I put this in the emergency section because I don't want my frogs to end up dead!

My Albino Bushy Nosed Pleco is about 2 - 2 1/2 inches long. She has always been a very peaceful fish and never bothers with anything else in the tank.

I've noticed that lately, she's been attacking my African Dwarf Frogs. They don't see too well, (and neither does she because she's an albino), and they sometimes swim by her, or over her. She gets angry and her dorsal fin goes up and she starts attacking them. She's even flipped them onto their backs a few times. The frogs will swim away, but sometimes she actively follows them and continues to peck at them until I tap the glass.

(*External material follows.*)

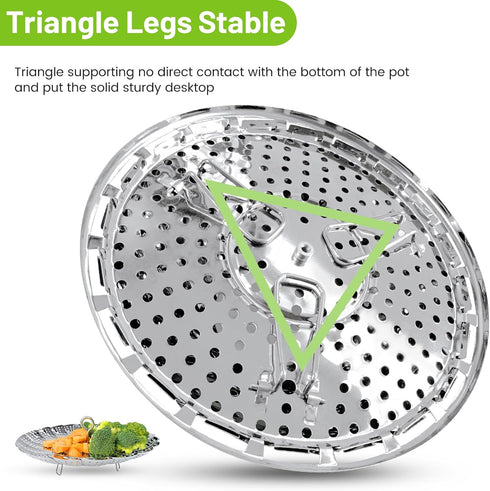 Vegetable Steamer Basket, Premium Stainless Steel - Folding Expandable Steamers Fits Various Size Pot (Extra Large 6.5"
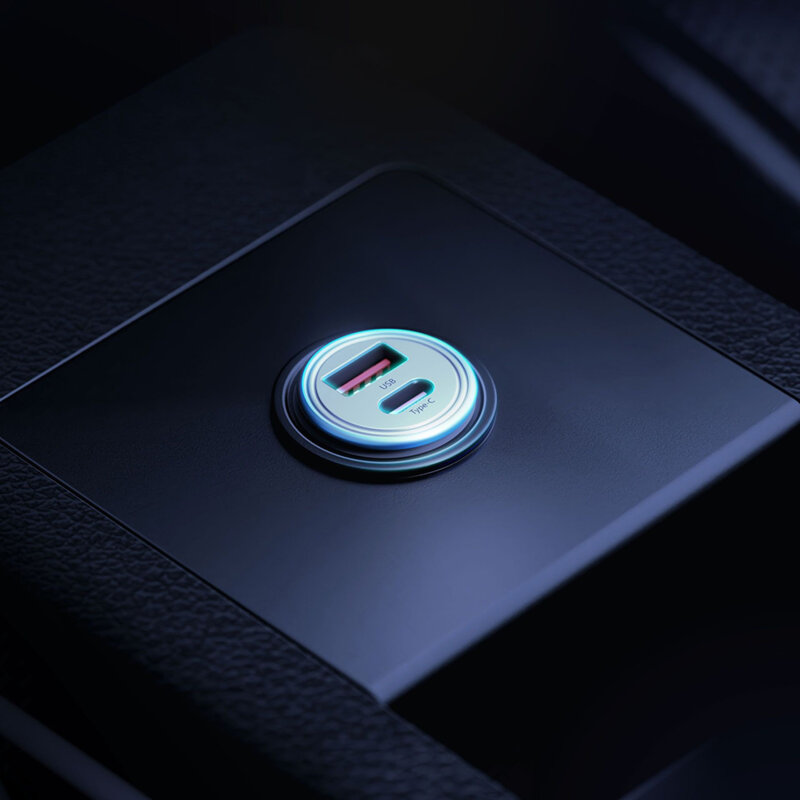 Incarcator auto UBS-A/C 30W, 3mk Hyper, argintiu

I thought maybe she was getting less algae because I added cherry shrimp, so I've been adding a 1/2 algae wafer every other day to help supplement her feedings, but have changed that to 1/2 wafer every day, in case her violence is due to her hunger. 

Any suggestions? Maybe she's territorial and the frogs bother her? (Everything I've read said the pleco and frogs should get along.....) I've even noticed one frog doesn't come out often and hardly eats.... I'm thinking maybe he's afraid of her. The other frog doesn't care and is all fat and happy.


----------



## susankat (Nov 15, 2008)

That is one of the many problems with bottom feeders in such a small tank, She doesn't feel like she has enough territory. I have a couple of dwarf frogs and keep mine in a 20 long but no bns in that tank. But there is 3 cories with a bunch of endlers. You might look into a 20 long or consider taking her in for some store credit.


----------



## holly12 (Apr 21, 2011)

We can't afford the top and light fixture for a 20g tank right now. 

We really like the pleco and don't want to have to give her away...... do you think that's the only option? They won't learn to get along?


----------



## Gizmo (Dec 6, 2010)

There's 3 things you can do:

1. Get an extra tank and separate the bottom dwellers.
2. Get a bigger tank so the bottom dwellers can stake out their own territories
3. Donate one/some of the bottom dwellers to reduce the crowding.

Temporary mitigation you could try is to add structures to the tank, so the ADF's can hide and the pleco can stake out its territory. My strong recommendation would be live plants, but that's just me.


----------